PROVIDED RECORDS
*** Begin section ***

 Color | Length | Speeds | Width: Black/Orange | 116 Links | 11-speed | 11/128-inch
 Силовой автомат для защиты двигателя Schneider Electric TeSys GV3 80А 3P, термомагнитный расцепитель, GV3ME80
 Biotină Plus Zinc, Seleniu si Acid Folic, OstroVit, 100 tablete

*** End section ***
*** Begin section ***

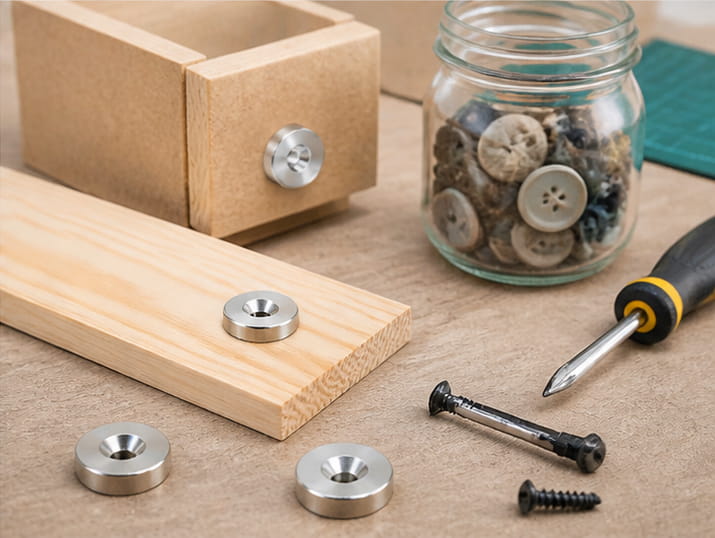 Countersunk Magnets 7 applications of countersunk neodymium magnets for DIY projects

*** End section ***

Above are some lines. Repeat exactly, and only, those from the line that has "Color | Length" through the line that has "Biotină Plus Zinc, Seleniu".

 Color | Length | Speeds | Width: Black/Orange | 116 Links | 11-speed | 11/128-inch
 Силовой автомат для защиты двигателя Schneider Electric TeSys GV3 80А 3P, термомагнитный расцепитель, GV3ME80
 Biotină Plus Zinc, Seleniu si Acid Folic, OstroVit, 100 tablete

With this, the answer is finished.